**Data extract:**
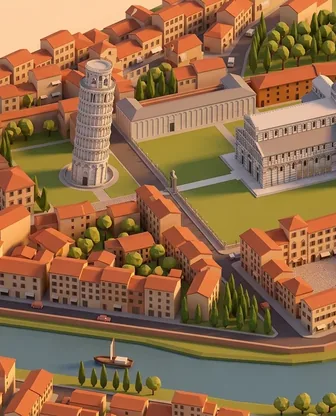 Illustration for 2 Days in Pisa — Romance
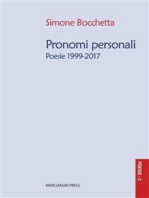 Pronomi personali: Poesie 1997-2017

---

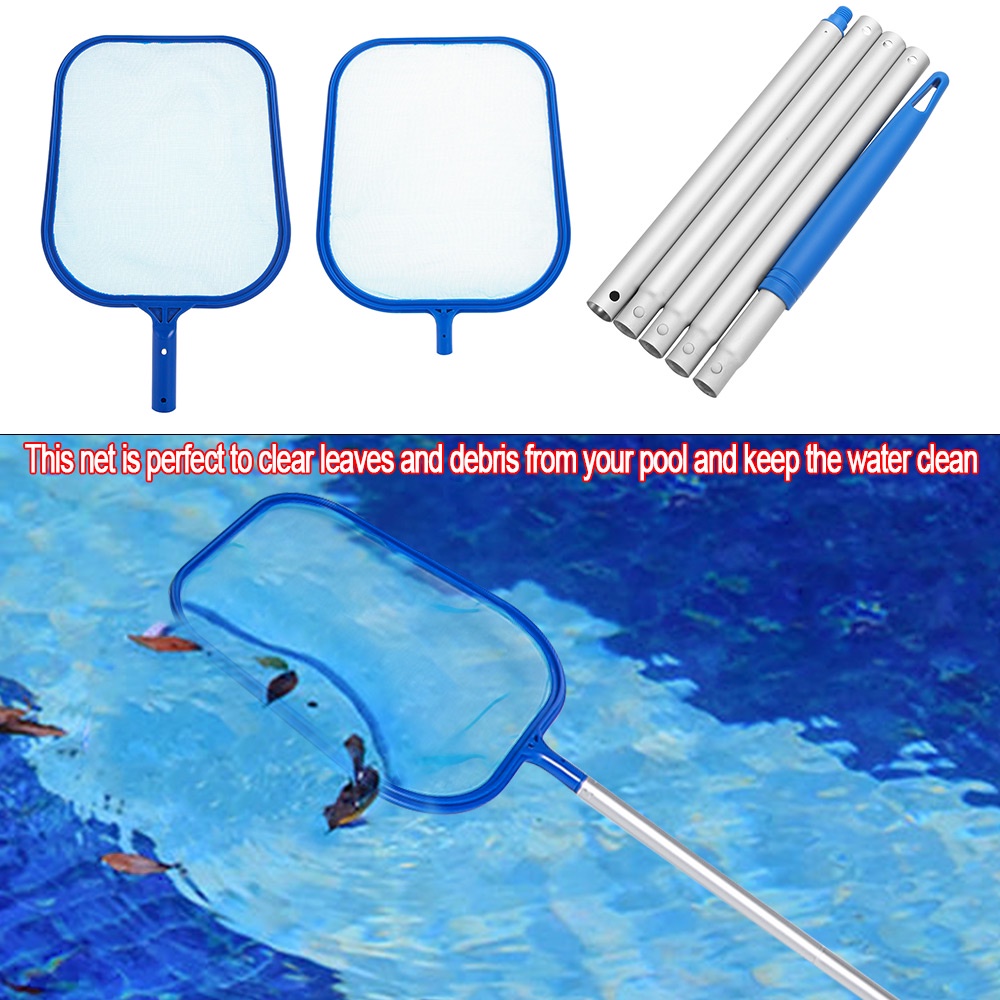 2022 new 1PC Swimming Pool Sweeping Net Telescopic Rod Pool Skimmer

* * *

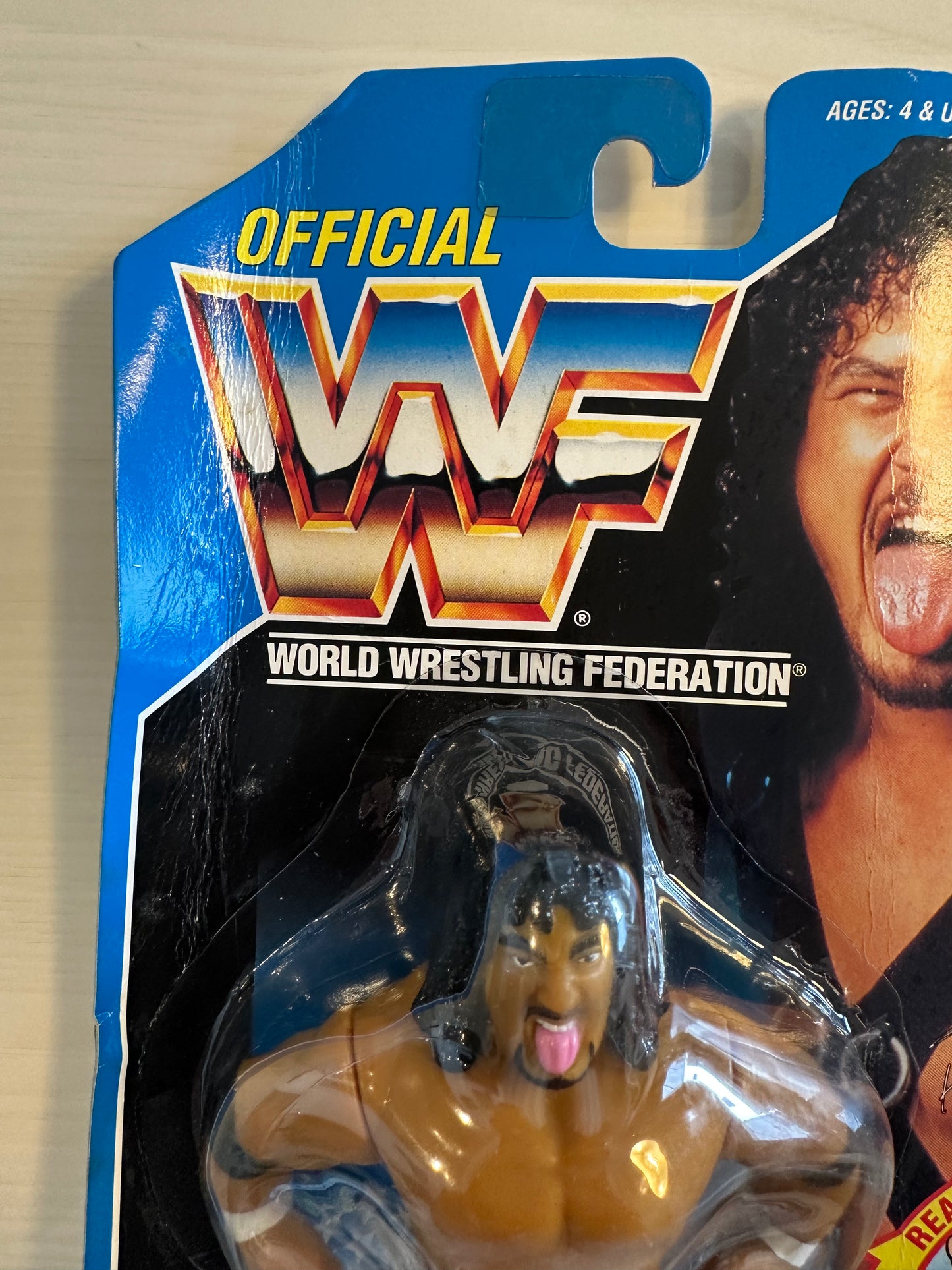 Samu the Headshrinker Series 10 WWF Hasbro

**What is needed:** Look above for the line with "Illustration for 2 Days in Pisa — Romance" and the line with "Pronomi personali: Poesie 1997-2017", then copy exactly the lines from the first through the second, both kept, with no pictures.

**Exercise output:**
 Illustration for 2 Days in Pisa — Romance
 Pronomi personali: Poesie 1997-2017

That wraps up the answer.